No son pocos los críticos que otorgan a Lee, el realizador de 61 años nacido en Atlanta pero criado en Brooklyn, la condición de gran cineasta. Yo no soy uno de ellos. Me convencen pocos títulos de su filmografía abundante. En el asunto tiene mucho que ver la legítima y comprensible postura combativa de Lee en asuntos de discriminación racial de la que han sido víctimas muchos norteamericanos de raza negra.
En esta película, Premio Especial del Jurado en el pasado Festival de Cannes, Lee evita las peroratas didácticas y el formato fílmico “cóctel molotov” y adopta un tono displicente-socarrón muy logrado para contar una buena historia. Se basa en un libro de memorias de Ron Stallworth, primer policía negro de Colorado Springs.
En los años setenta, en un momento álgido de la lucha por los derechos civiles, Stallworth (muy bien interpretado por John David Washington, hijo de Denzel, actor de cabecera de Lee) trabaja con entrega y determinación para hacer bien su trabajo, sufriendo humillaciones y desaires de algunos compañeros. Incluso acepta investigar posibles conductas violentas en movimientos que defienden los derechos de las personas de su raza.
Cuando Stallworth decide, por su cuenta, llamar por teléfono a un supremacista haciéndose pasar por racista, recibe una invitación para contactar personalmente.

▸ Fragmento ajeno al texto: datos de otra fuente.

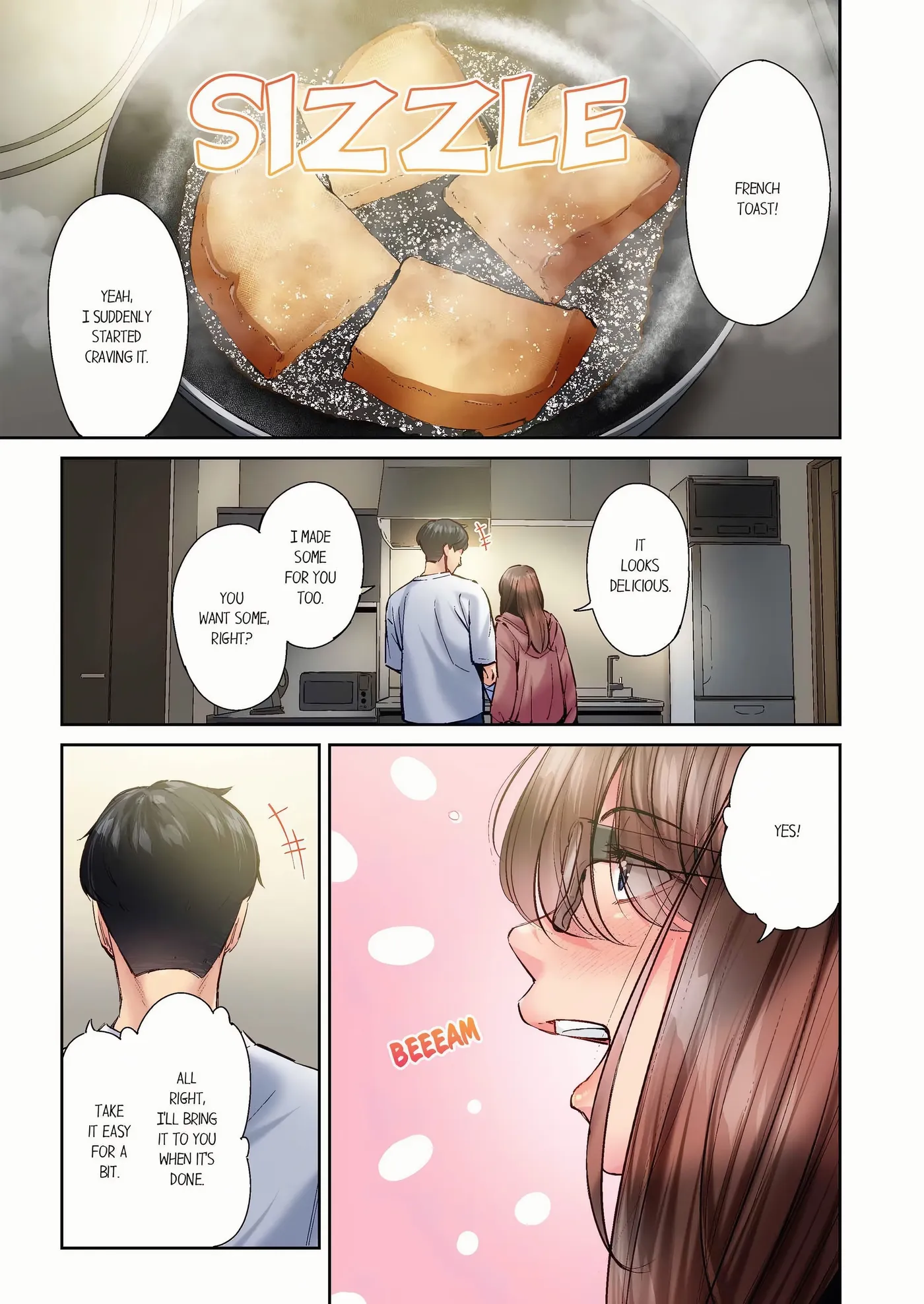 Simple yet Sexy Chapter 133 page 3 -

Y claro, eso le obliga a pedir ayuda a un compañero detective de color blanco, Flip Zimmerman (otro gran trabajo de Adam Driver).
El retrato de los ambientes del Ku Klux Klan es inteligente: tipos fanatizados, patanes sin cultura, odiadores profesionales. Aunque la película tiene un metraje abrumador, se sigue con interés y el ritmo no decae. La coda final es un recordatorio en formato documental de que el fanatismo sigue vivo.